EXERCISE
The lines to copy are those in the listing below that contain the word "what".

---------- DATA PROVIDED

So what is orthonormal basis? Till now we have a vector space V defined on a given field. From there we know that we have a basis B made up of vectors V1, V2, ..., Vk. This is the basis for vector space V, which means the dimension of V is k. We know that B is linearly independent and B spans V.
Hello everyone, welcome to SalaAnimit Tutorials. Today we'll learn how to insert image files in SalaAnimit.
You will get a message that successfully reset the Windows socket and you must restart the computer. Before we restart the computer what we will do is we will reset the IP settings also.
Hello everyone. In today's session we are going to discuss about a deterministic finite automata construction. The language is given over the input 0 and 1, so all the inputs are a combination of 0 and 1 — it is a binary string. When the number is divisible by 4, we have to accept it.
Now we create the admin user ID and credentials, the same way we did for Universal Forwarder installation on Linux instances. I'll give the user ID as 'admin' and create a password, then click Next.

--------------------

ANSWER BOX
So what is orthonormal basis? Till now we have a vector space V defined on a given field. From there we know that we have a basis B made up of vectors V1, V2, ..., Vk. This is the basis for vector space V, which means the dimension of V is k. We know that B is linearly independent and B spans V.
You will get a message that successfully reset the Windows socket and you must restart the computer. Before we restart the computer what we will do is we will reset the IP settings also.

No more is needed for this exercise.